拡声器のような魔道具で、ガッシュは静かに語りだした。
「弱い。あまりにも、弱い」
会場が張り詰めたように静かになった。
「今日この瞬間まで、本気を出さずとも生き残れた。その環境が弱い。お前たちが、弱い。やり方が、弱い。全てが軟弱だ。お前たちに、帝国は向いていない」
学生がいる観客席から、どよめきが起こる。
それでも、ガッシュは語り続ける。
「そんな中でも、帝国を良い方向に舵を切ることができるのは――――ギルバート殿下。その人に間違いはない。ギルバート殿下は私を直接勧誘された。真に力のある存在に気づけていたということだ。審美眼のある御方である事は間違いない」
特等席にいるギルバートは、満足気に微笑んでいる。
そう、この対抗戦は御前試合でもあるのだ。
だが……。
「だがっ! 真に強国を作り上げるのは、ヴィクトール第三皇子殿下である! 帝国に収まることの無い強大なる力、そして知性! 今にお前たちは知ることになる。ヴィクトール第三皇子の圧倒的な支配力をな!」
ッ!
素晴らしい!
素晴らしい演説だ、ガッシュ!!
思わず私は立ち上がって拍手をしてしまった。
パチパチ。
パチパチ。
ヒイロは涙を流して私と共に立ち上がって拍手をしている。
少し離れた所にいるリズベットも、ハンカチーフを片手に拍手をしている。
異様な光景だろう。
第一学院の観客席にいるたった三人が、示し合わせたかのように拍手をしている。
「俺はそこそこ強い程度の帝国を築き上げるギルバート殿下に用はない。
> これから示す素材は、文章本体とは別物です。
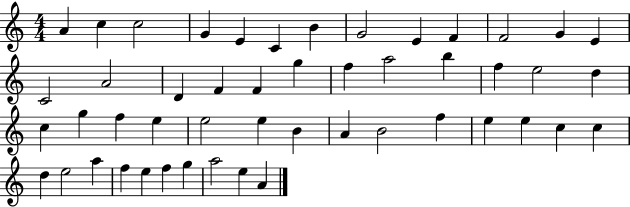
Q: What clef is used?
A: treble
圧倒的な力を持つヴィクトール殿下に忠誠を捧げる!」
そのままガッシュは忠誠を示す礼を、私に向かって実行した。
チラリとギルバートの居る方へ目を向けると、憤死するのではないかと思う程に顔が赤くなって歪んでいる。
そのまま怒り狂って、なだめようとした配下の一人を斬って捨ててしまった。
帝国の皇族らしい行動ではあるが、それだけだな。
怒りに任せて行動しても良い事など一つも無い。
冷静になれば、有能な顔がまた覗くだろう。
パチパチ。
パチパチ。
私の周りから、ポツポツと立ち上がって同調する者が増えていく。
さもありなん。ここまで実力を示したガッシュが私を支持するとこの上ない場で表明したのだ。
しかも、その相手は観客席にいる。
時間が経過するにしたがって、拍手の量は増えていった。
一分も経過すれば、会場全てが拍手に包まれた。
パチパチ。
パチパチ。
私はこの世界でも支配者になる。
今日がその第一歩目だ。
ガッシュよ、期待しておけ。
お前には全ての支配を約束する。
ハハハ。
ハハハハ!
ハハハハハハハハハハ!!!!!!!!!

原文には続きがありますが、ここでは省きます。